Oppenheim received the Art Award of the City of Basel on January 16, 1975. In her acceptance speech, Oppenheim coined the phrase "Freedom is not given to you — you have to take it." In 1982, three years before her death, she received the 1982 Berliner Kunstpreis.

In 2019, Basel inaugurated a plaza, road, fountain and a high-rise apartment building (by Herzog & de Meuron) all named after Oppenheim in the city center.

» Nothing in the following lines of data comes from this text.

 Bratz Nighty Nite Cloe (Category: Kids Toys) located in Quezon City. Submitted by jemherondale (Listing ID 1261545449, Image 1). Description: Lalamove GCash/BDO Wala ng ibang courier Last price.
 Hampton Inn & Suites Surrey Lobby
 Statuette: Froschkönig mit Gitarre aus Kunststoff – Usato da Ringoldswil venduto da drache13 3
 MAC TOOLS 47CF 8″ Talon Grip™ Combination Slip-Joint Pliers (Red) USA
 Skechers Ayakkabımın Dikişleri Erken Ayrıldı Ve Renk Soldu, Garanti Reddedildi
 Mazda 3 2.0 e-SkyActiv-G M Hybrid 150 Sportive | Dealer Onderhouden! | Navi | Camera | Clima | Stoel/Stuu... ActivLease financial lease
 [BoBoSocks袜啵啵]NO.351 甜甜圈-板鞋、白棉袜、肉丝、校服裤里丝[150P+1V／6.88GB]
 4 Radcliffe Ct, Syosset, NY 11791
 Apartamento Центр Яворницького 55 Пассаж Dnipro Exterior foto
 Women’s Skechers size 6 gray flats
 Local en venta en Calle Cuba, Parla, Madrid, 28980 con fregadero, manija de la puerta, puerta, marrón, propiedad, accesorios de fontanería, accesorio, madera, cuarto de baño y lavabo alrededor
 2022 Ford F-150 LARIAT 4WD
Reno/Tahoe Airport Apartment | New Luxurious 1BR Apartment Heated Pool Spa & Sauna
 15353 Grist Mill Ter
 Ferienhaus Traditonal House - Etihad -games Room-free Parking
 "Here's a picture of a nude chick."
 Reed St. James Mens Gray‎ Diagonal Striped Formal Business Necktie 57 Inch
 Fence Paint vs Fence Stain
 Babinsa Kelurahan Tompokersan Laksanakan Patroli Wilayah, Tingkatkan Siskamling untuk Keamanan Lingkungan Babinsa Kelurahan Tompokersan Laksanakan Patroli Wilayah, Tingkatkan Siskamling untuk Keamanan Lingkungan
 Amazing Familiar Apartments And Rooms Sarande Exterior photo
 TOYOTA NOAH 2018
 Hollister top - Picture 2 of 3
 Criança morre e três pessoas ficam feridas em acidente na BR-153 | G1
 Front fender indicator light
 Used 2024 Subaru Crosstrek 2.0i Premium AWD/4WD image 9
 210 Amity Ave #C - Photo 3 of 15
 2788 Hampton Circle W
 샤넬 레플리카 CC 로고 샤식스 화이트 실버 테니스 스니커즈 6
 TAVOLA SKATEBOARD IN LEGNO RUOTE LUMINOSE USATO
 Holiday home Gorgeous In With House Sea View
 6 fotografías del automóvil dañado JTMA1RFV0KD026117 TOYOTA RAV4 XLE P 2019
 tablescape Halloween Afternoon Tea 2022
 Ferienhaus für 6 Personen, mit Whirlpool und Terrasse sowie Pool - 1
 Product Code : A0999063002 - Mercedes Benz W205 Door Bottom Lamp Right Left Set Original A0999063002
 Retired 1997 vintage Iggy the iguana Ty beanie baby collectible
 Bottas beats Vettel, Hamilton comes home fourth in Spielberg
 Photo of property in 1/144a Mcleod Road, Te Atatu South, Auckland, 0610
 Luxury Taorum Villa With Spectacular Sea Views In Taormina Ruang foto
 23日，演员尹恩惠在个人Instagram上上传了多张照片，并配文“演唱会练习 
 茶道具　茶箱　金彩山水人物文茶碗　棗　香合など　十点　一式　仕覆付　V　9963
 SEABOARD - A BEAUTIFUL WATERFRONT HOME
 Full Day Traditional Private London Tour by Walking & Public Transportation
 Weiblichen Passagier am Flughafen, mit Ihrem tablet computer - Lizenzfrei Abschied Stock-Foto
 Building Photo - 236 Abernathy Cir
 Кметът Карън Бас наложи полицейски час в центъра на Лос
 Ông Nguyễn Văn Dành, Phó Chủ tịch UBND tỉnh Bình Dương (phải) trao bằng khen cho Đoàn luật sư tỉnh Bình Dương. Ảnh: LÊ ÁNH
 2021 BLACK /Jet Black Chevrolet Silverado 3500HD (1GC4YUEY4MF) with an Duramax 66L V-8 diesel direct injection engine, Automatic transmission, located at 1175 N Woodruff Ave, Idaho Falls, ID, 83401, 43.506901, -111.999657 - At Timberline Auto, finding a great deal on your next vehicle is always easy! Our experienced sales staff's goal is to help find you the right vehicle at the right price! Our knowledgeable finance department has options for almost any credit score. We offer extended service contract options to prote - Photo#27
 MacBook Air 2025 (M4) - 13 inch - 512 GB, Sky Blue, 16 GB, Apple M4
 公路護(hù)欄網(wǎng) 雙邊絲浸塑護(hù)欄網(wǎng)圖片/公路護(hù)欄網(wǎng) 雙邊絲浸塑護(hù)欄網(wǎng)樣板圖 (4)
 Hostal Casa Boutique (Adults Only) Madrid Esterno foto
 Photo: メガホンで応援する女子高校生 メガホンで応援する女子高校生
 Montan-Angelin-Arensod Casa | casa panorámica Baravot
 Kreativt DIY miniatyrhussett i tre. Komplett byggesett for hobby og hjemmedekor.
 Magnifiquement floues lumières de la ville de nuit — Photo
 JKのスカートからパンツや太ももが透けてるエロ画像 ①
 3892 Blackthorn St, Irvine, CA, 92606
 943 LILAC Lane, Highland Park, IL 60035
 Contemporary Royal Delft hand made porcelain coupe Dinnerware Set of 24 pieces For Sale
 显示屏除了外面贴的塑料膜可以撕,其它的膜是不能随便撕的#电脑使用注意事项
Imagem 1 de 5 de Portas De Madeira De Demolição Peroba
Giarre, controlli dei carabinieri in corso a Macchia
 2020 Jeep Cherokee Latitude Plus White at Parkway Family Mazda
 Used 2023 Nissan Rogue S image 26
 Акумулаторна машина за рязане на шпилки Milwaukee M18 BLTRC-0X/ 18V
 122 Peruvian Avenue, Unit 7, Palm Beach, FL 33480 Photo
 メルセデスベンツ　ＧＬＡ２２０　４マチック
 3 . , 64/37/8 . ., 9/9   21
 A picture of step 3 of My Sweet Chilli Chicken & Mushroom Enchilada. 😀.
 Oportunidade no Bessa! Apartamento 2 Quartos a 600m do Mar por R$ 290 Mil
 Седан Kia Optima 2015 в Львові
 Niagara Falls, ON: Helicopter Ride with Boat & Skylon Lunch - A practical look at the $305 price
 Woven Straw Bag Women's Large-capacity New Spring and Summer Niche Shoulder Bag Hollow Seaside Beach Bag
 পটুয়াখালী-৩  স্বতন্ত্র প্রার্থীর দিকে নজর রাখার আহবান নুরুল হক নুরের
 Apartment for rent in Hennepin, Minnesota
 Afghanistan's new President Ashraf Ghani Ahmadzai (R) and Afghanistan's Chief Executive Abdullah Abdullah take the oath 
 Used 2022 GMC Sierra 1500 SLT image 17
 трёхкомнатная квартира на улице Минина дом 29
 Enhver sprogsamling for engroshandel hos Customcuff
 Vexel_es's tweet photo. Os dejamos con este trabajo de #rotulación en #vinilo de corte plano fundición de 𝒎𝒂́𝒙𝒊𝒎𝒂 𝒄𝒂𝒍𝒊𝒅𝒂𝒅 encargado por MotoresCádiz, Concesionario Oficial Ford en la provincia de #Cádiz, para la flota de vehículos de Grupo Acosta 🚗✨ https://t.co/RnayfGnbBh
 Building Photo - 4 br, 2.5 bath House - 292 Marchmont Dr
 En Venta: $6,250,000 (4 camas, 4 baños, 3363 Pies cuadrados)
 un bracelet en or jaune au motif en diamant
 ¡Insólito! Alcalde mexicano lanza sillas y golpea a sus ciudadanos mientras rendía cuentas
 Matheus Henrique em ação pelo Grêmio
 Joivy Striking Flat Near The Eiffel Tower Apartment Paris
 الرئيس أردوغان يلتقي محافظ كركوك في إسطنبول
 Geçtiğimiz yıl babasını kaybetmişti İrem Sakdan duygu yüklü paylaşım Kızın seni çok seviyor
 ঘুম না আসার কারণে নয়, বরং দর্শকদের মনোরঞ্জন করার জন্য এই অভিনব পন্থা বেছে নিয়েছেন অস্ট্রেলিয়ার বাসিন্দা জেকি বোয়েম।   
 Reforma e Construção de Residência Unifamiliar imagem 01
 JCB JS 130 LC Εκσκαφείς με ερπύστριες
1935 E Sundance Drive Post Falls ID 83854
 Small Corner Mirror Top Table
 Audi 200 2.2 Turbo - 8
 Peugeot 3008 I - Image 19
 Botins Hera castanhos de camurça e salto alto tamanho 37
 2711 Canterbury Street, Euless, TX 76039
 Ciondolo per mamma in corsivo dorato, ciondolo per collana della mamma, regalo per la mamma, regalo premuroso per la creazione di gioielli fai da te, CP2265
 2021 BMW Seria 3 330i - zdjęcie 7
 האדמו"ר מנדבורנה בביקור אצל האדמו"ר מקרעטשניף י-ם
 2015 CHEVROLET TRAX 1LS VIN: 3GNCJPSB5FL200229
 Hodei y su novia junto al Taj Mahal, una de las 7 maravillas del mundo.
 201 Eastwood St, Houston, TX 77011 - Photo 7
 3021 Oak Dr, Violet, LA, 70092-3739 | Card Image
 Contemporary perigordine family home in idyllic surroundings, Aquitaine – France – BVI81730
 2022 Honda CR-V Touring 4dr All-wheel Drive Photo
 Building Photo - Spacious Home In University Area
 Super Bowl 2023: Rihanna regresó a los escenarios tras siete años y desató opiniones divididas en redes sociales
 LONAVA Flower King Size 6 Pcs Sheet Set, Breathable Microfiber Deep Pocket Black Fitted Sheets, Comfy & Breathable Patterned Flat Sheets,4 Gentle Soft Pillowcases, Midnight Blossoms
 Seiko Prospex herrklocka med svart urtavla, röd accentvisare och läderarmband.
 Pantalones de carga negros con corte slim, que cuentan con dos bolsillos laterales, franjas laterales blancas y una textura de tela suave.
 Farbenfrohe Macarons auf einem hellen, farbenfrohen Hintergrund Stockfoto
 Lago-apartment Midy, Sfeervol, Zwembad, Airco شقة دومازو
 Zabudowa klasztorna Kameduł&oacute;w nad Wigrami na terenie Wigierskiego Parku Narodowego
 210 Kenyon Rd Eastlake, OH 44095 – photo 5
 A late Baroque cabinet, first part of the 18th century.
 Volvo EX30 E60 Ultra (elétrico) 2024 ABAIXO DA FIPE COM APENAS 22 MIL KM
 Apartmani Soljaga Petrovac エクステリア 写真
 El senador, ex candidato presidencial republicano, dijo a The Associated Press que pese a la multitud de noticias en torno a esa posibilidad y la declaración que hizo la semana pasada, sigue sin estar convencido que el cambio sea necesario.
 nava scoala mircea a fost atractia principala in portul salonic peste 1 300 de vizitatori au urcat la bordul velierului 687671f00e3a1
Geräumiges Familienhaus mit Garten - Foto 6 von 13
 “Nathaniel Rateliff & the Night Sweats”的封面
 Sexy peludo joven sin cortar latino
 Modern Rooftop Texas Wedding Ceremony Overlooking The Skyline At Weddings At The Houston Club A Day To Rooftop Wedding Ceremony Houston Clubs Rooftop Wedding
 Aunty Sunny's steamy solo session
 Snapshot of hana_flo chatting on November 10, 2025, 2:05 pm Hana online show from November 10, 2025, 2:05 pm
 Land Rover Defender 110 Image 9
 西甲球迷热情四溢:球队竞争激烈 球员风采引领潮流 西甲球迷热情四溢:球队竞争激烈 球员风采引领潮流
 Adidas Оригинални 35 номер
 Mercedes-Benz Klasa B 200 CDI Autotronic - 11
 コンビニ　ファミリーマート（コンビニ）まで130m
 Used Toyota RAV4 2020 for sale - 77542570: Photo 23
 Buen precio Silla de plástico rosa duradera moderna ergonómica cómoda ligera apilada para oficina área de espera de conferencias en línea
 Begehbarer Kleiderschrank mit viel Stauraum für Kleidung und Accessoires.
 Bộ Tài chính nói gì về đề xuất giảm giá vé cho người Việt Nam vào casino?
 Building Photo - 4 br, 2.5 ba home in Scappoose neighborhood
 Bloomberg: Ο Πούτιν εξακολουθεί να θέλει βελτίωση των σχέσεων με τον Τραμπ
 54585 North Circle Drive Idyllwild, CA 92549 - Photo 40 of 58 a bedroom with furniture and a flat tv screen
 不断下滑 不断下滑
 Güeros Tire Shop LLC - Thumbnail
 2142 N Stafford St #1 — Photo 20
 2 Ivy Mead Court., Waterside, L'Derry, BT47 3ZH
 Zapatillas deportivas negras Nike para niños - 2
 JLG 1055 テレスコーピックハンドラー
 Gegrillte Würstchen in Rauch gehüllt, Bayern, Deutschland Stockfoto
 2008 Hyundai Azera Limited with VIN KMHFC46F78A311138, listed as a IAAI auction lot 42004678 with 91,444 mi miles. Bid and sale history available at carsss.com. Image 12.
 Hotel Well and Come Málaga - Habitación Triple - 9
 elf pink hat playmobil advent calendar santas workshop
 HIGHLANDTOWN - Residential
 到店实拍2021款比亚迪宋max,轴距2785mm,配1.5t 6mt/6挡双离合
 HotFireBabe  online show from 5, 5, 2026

The large fountain features her sculpture Spirale (der Gang der Natur).

==Legacy==
Oppenheim has been esteemed as a figure of “feminist identification” for the women's movement and a role model for younger generations due to her “socio-critical and emancipatory attitude.” In 1975 Oppenheim gave a speech at “the presentation of Basler Kunstpreis” and directly asked women “to demonstrate to society by the invalidity of taboos by adopting unconventional ways of life” and utilize their intellect as a creative strength without fear.

Oppenheim, who died in 1985, at 72, kept careful notes about which patrons and colleagues she liked and where her works ended up. She dictated which of her writings should be published and when, and there are puzzling gaps, since she destroyed some material. The archive and much artwork have been entrusted to institutions in Bern, including the Museum of Fine Arts and the National Library.

Levy Galerie, founded in 1970 by Hamburg resident Thomas Levy, represents the estate of Meret Oppenheim, in close collaboration with the artist's family.

On October 6, 2017, Google celebrated her 104th birthday with a Google Doodle.

In 2018, Oppenheim was the subject of a short documentary by Cheri Gaulke, Gloria's Call.